Beberapa hari yang lalu, menjelang sore, seorang ibu (mantan murid privat saya), muncul di rumah saya dengan wajah lelah. Melihat wajahnya, saya sudah feeling, pasti saya akan ditodong untuk melakukan sesuatu yang tidak dapat saya tolak.
Benar saja. Dengan wajah memelas, dia menceritakan masalahnya. Ibu ini seorang guru SD yang kuliah lagi dan baru saja lulus ujian skripsi. Untuk bisa ikut wisuda, dia harus melengkapi semua pesyaratan yang ditentukan. Saat itulah dia baru sadar, nilai SKS-nya kurang. Oleh dosen mata kuliah tersebut dia diberikan solusi untuk mengikuti semester pendek, untuk bisa memenuhi kekurangan SKS-nya. Salah satu tugas kuliah semester pendek itu adalah menerjemahkan sebuah jurnal kemudian membuat resume.

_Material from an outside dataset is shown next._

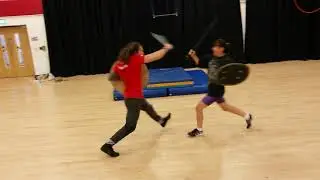 Sword and shield fight Dilyana Bouklieva and Ed Gamester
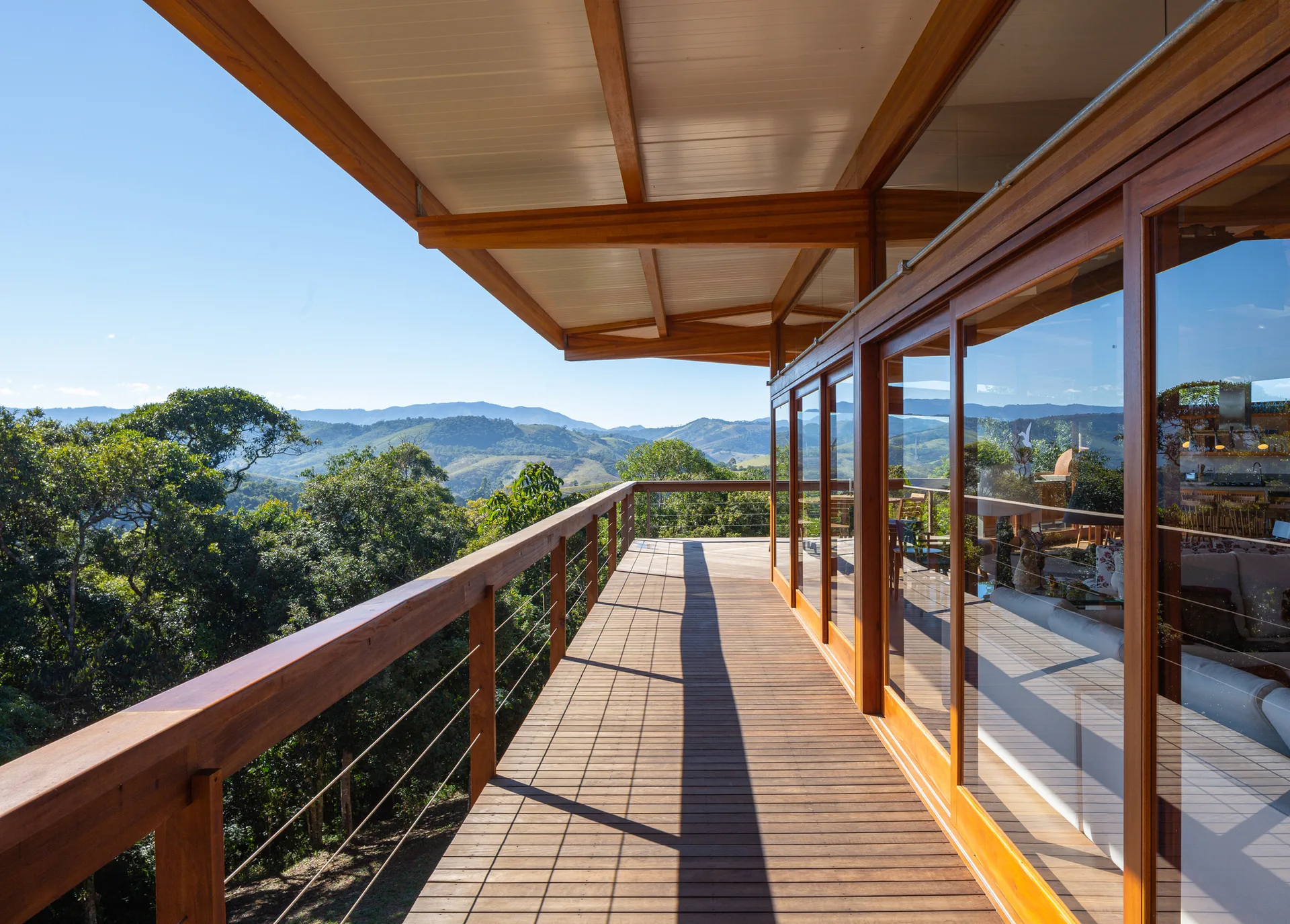 A long wooden terrace deck features a cable railing, sliding glass doors reflecting the interior, and a scenic view of green hills under a blue sky.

Di sinilah masalahnya. Dia perlu bantuan menerjemahkan jurnal tersebut agar bisa membuat resumenya. Untuk itulah dia datang dan minta bantuan saya. Kalau saja waktu yang diberikan cukup lama, tentu tidak masalah bagi saya. Dia datang menjelang sore, dan resumenya harus dikumpul esok sorenya (dia kuliah sore). Tentu saja saya langsung menolak, mengingat pekerjaan saya yang juga sudah mepet-mepet deadline. Dan… seperti biasa juga, ibu ini mulai berkata-kata yang membuat saya “lemah.” ”Kalau Ibu tidak membantu saya, berarti… saya tidak bisa ikut wisuda periode ini, berarti juga saya harus mengulang satu semester. Artinya, saya harus membayar SPP lagi, artinya….dsb.”

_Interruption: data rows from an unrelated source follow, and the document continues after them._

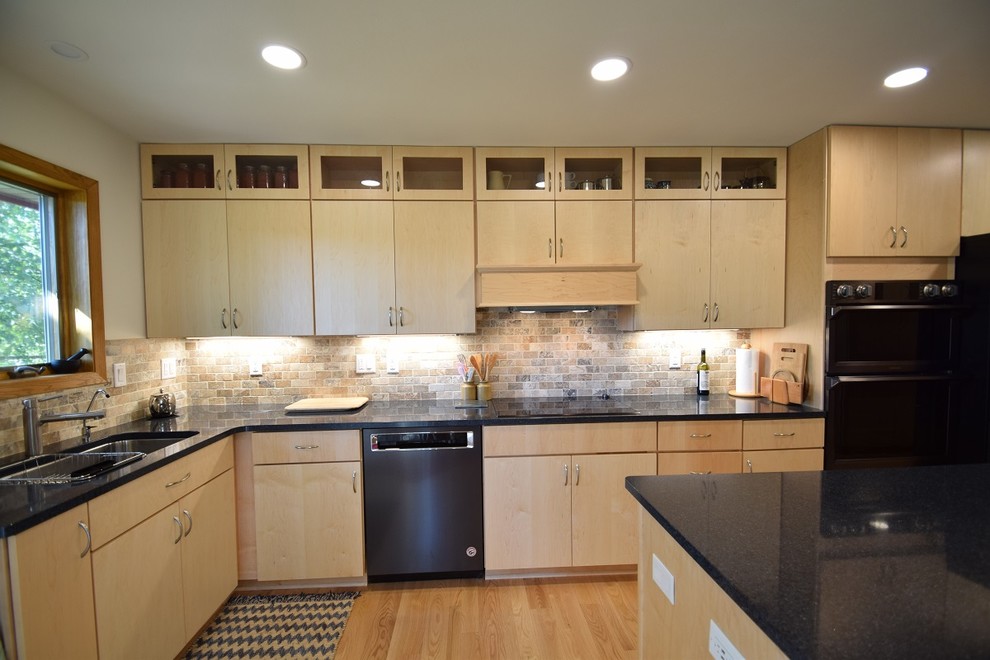 Kitchen - transitional light wood floor and beige floor kitchen idea with a double-bowl sink, flat-panel cabinets, light wood cabinets, quartz countertops, multicolored backsplash, stone tile backsplash, black appliances, an island and blue countertops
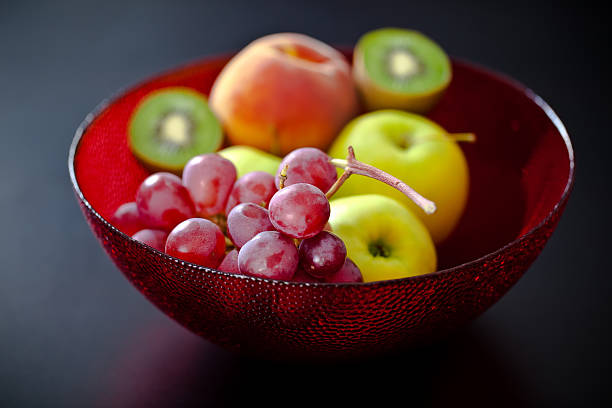 Vector image of an antique silver fruit dish with grapes, apples, pears, oranges and peaches.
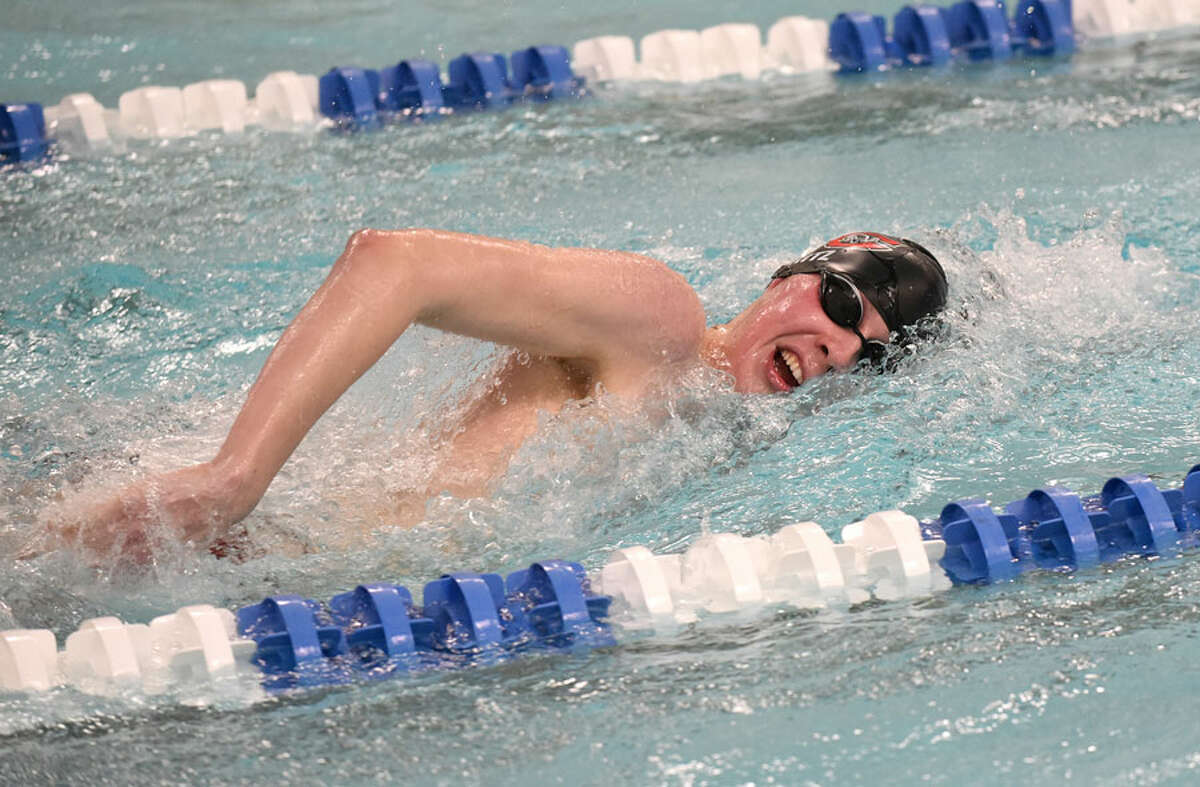 New Canaan’s Jake Ritz swims in the 500 freestyle during a swim meet at the New Canaan YMCA on Wednesday, Jan. 23.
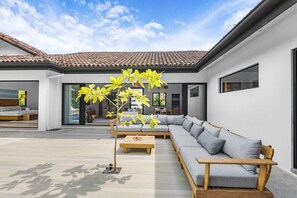 A modern house with a patio, a wooden bench, a sofa, and a tree.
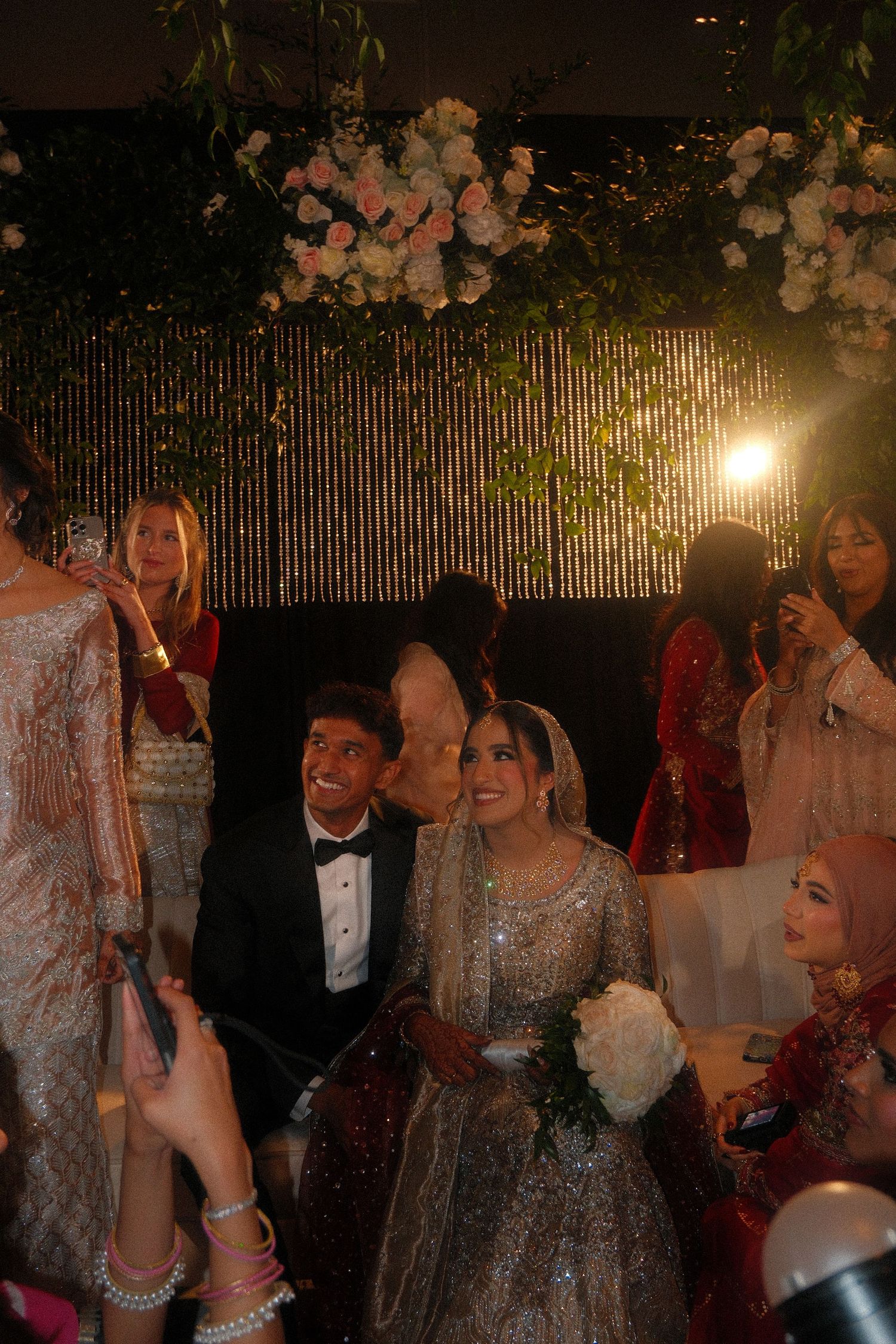 Pakistani wedding reception with smiling bride and groom seated on stage surrounded by guests and floral decorations.
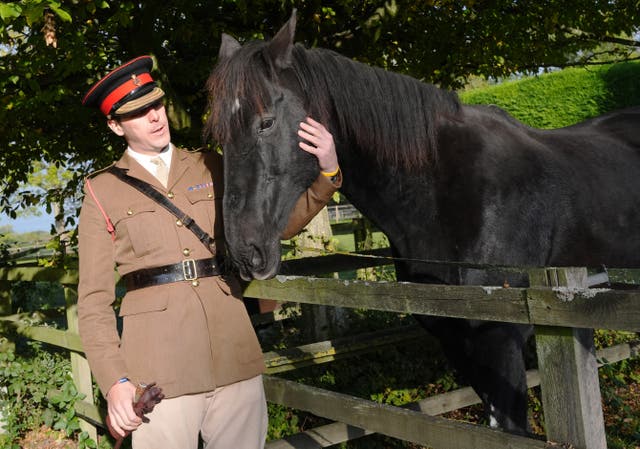 <p>Life Guard Squadron Leader Major Tom Stewart says goodbye to Household Cavalry horse Quaker as he begins his retirement at The Horse Trust sanctuary in Princes Risborough, Buckinghamshire</p>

Saya berusaha memberi penjelasan, sehalus mungkin, bahwa menerjemahkan jurnal ilmiah sebanyak 10425 kata bukanlah perkara gampang, tidak akan bisa selesai dalam waktu sekejap. Wajahnya makin memelas dan memohon dengan amat sangat. Akhirnya, hati saya runtuh juga. Saya tidak punya pilihan lain. Dengan menarik napas panjaaaaaaaaaang banget, saya akhirnya menyanggupinya. Tapi saya juga mengatakan bahwa hasil terjemahan saya kemungkinan tidak akan sempurna. Sore itu saya mulai bekerja dengan terlebih dahulu menghubungi murid privat saya yang mestinya ada jadwal les malam itu. Untunglah si murid penuh pengertian.

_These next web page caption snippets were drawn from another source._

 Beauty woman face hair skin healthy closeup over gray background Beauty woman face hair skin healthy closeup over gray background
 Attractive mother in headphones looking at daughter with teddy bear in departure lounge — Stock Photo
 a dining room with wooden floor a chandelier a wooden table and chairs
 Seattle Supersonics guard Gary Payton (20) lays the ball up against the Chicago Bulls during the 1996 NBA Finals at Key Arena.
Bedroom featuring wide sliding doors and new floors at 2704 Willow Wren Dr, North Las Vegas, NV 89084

Saya juga minta bantuan adik saya untuk membantu sebagian, karena mustahil saya bisa menerjemahkan dalam sehari semalam sekian kata. Saya hampir tidak tidur mengerjakan jurnal tersebut. Akhirnya, selesai juga. Esok sorenya ibu itu datang, dan dengan terus terang saya bilang bahwa saya tidak sempat ngedit lagi. Tidak ada waktu. Ibu tersebut tidak mempermasalahkan, yang penting dia bisa membuat resume dari hasil terjemahan itu.
Dan… berapa saya dibayar? Mestinya, untuk rush job seperti itu, saya dibayar lebih mahal, bukan? Iya, saya dibayar dengan bayaran yang amat “mahal”, beribu-ribu terima kasih plus doa semoga Tuhan senantiasa melindungi saya dan membalas kebaikan saya, plus uang seratus ribu.
Saya ikhlas. Apalagi saya tahu terjemahan itu bukanlah untuk kepentingan bisnis, dan, saya juga tahu kehidupan ibu itu yang cukup sederhana. Walaupun saya juga tak kalah sederhana.
Tapi, di atas segalanya, meskipun capek, saya juga senang bisa membantu orang yang benar-benar membutuhkan bantuan.